This plot visualize the power consumption for all 3 sub-meters of Jan 9th, 2008, with a 10-minutes freqeucy.
Kitchen power consumption peeked around 5pm and 6pm.
Water Heater and AC peeked in whole moning and at night.
Laundry Room was even through out the day, probably due to the light was on.

## Create a visualization with plotly for 2nd Week of 2008
newDF_40min <- as_period(newDF, '40 minute')
houseWeek40 <- filter(newDF_40min, year == 2008 & week == 2)
houseWeek40
plot_ly(houseWeek40, x = ~houseWeek40$DateTime, y = ~houseWeek40$Sub_metering_1,
        name = 'Kitchen', type = 'scatter', mode = 'lines') %>%
        add_trace(y = ~houseWeek40$Sub_metering_2, name = 'Laundry Room',
                  mode = 'lines') %>%
        add_trace(y = ~houseWeek40$Sub_metering_3, name = 'Water Heater & AC',
                  mode = 'lines') %>%
        layout(title = "Power Consumption Week 2, 2008",
               xaxis = list(title = "Time"),
               yaxis = list(title = "Power (watt-hours)"))

This plot shows the power consumption of the second week of 2008 with a 40-minutes frequency.
Water Heater and AC consumption spread out evenly daily.
Laundry Room had the least consumption most of the time other than couple peeks, probably due to doing laundries.
Kitchen was also pretty consistent.
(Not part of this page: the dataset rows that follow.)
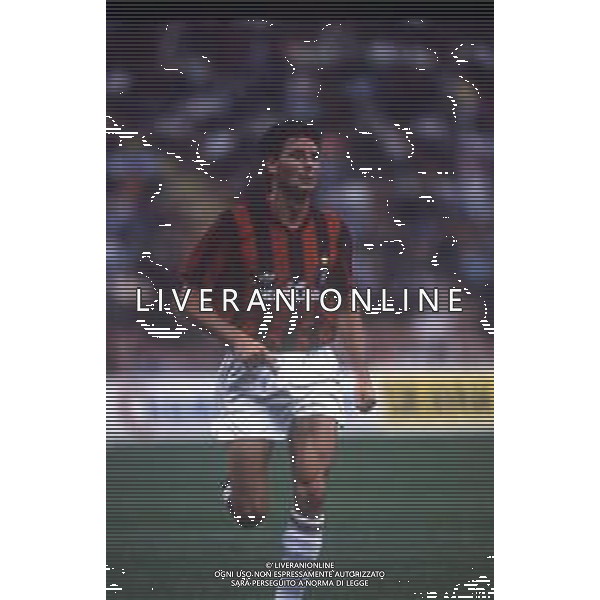 RETROSPETTIVA AGOSTINI MASSIMO CALCIATORE NELLA FOTO MASSIMO AGOSTINI CON LA MAGLIA DEL MILAN CALCIO AG ALDO LIVERANI SAS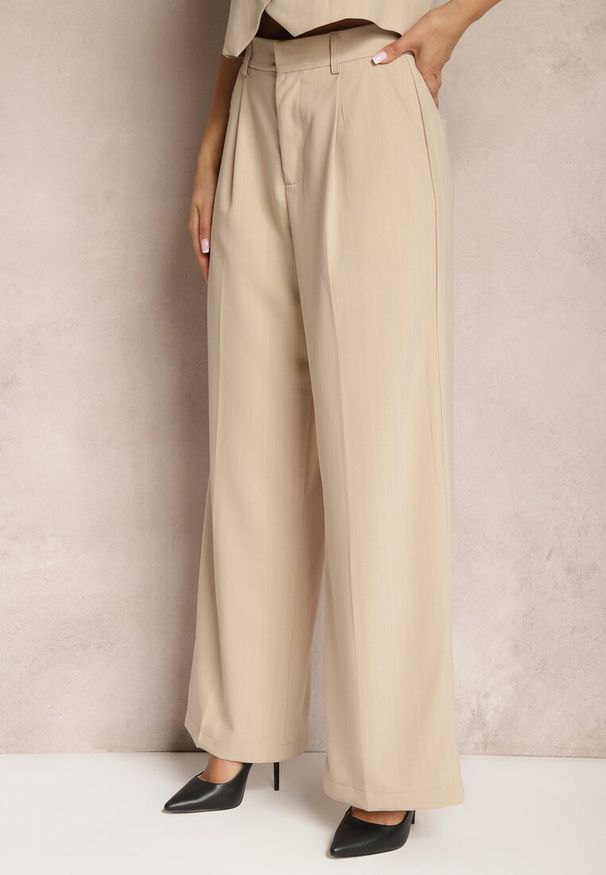 Renee - Beżowe Spodnie Szerokie w Garniturowym Stylu w Delikatne Prążki Tsalena. Okazja: na co dzień, na imprezę, na spotkanie biznesowe. Stan: podwyższony. Kolor: beżowy. Materiał: prążkowany. Wzór: prążki. Styl: biznesowy, casual, elegancki, wizytowy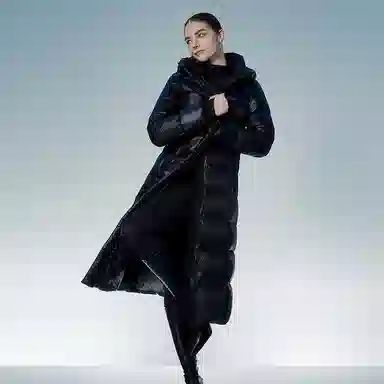 坦博尔 连帽厚款纯色长袖羽绒服 女款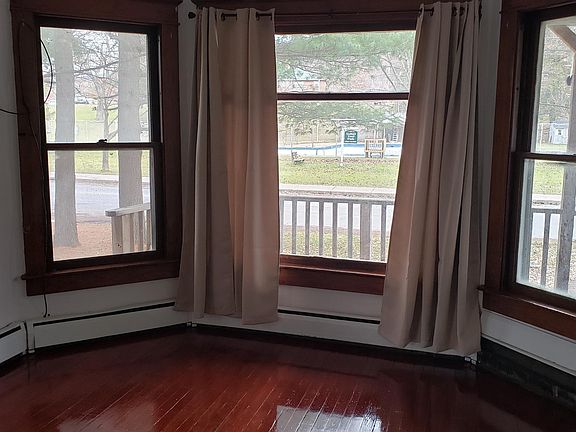 2nd image of 10 South St #1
The peeks apeared in the end of the day and the weekends, probably due to cooking.

## choose monthly time period and use 60 mins interval
newDF_1h <- as_period(newDF, "1 h")
newDF_1h
houseMonth1h <- filter(newDF_1h, year == 2008, month == 1 )
houseMonth1h
plot_ly(houseMonth1h, x = ~houseMonth1h$DateTime, y = ~houseMonth1h$Sub_metering_1,
        name = 'Kitchen', type = 'scatter', mode = 'lines') %>%
        add_trace(y = ~houseMonth1h$Sub_metering_2, name = 'Laundry Room',
                  mode = 'lines') %>%
        add_trace(y = ~houseMonth1h$Sub_metering_3, name = 'Water Heater & AC',
                  mode = 'lines') %>%
        layout(title = "Power Consumption Jan,2008",
               xaxis = list(title = "Time"),
               yaxis = list(title = "Power (watt-hours)"))
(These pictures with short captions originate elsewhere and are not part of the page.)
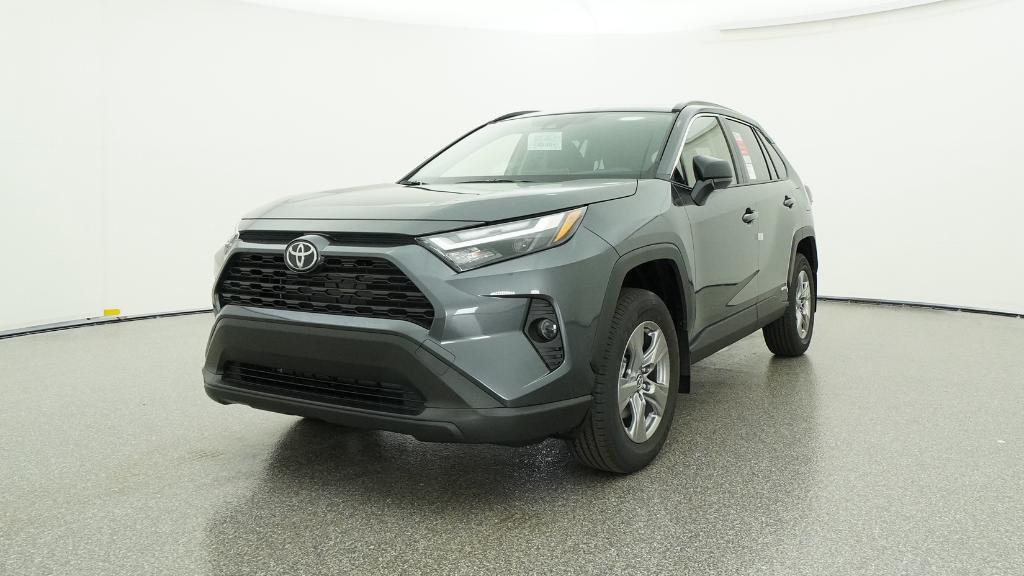 2025 Toyota RAV4 Hybrid LE photo 4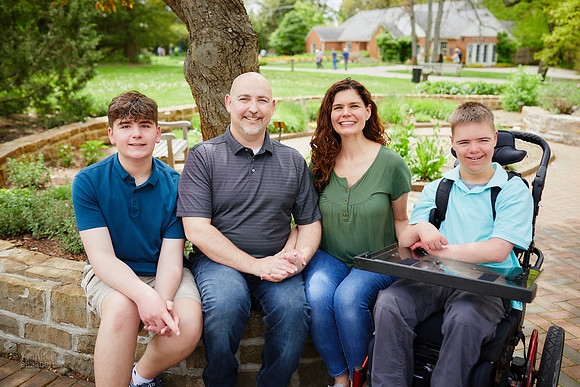 The C Family: Portrait Session at Inniswood Metro Gardens in Westerville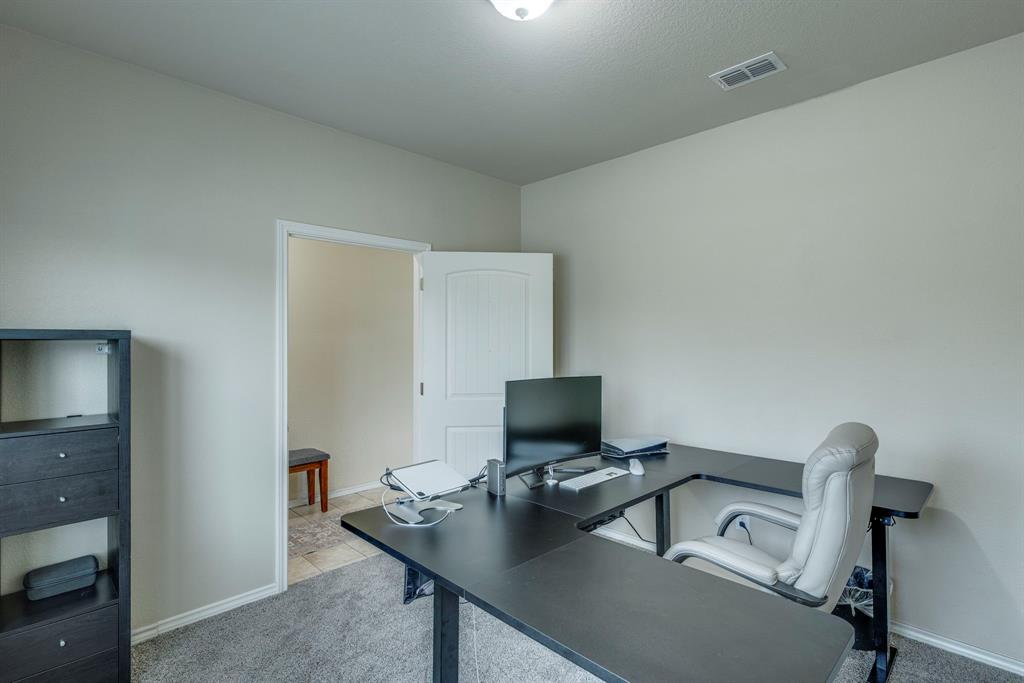 616 Cameron Way Azle, TX 76020 - Photo 27 of 37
This plot shows the power consumption of January, 2008, with a 1-hour frequency.
The power consumption was consistent with the previous weekly plot. The consumption pattern repeats weekly for this month.

Time Series Analysis

Before we make a time-series plot, we need to create a time-series object so that the machine can recgonize it as time series. We use ts() function to do so.
Again, we plotted multiple time series plots by the different ways we filter the data to see what insights we can get from them.

## Prepare to analyze the data

## Subset to one observation per week on Mondays at 8:00pm 
## for 2007, 2008 and 2009
house070809weekly <- filter(newDF, weekday == 'Monday' & hour == 20 & minute == 0)
house070809weekly
## Create TS object with SubMeter3
tsSM3_070809weekly <- ts(house070809weekly$Sub_metering_3, 
                         frequency=52, start=c(2007,1))
tsSM3_070809weekly
## Produce time series plots
## Plot sub-meter 3 with autoplot (you may need to install these packages)
library(ggplot2)
library(ggfortify)
## Plot sub-meter 3 with plot.ts
plot.ts(tsSM3_070809weekly, xlab = "Time", ylab = "Watt Hours", 
        main = "Sub-meter 3, Mondays, 20:00 ")

This Time-Series shows sub-meter 3(Water Heater and AC) at 8pm on every Monday from 2007 to 2009.

## Create a TS plot for Sub-meter 3 on Saturdays at 20:00
house070809weeklySat <- filter(newDF, weekday == 'Saturday' & hour == 20 & minute == 0)
house070809weeklySat
tsSM3_070809weeklySat <- ts(house070809weeklySat$Sub_metering_3, 
                         frequency=52, start=c(2007,1))
tsSM3_070809weeklySat
plot.ts(tsSM3_070809weekly, xlab = "Time", ylab = "Watt Hours", 
        main = "Sub-meter 3, Saturdays, 20:00 ")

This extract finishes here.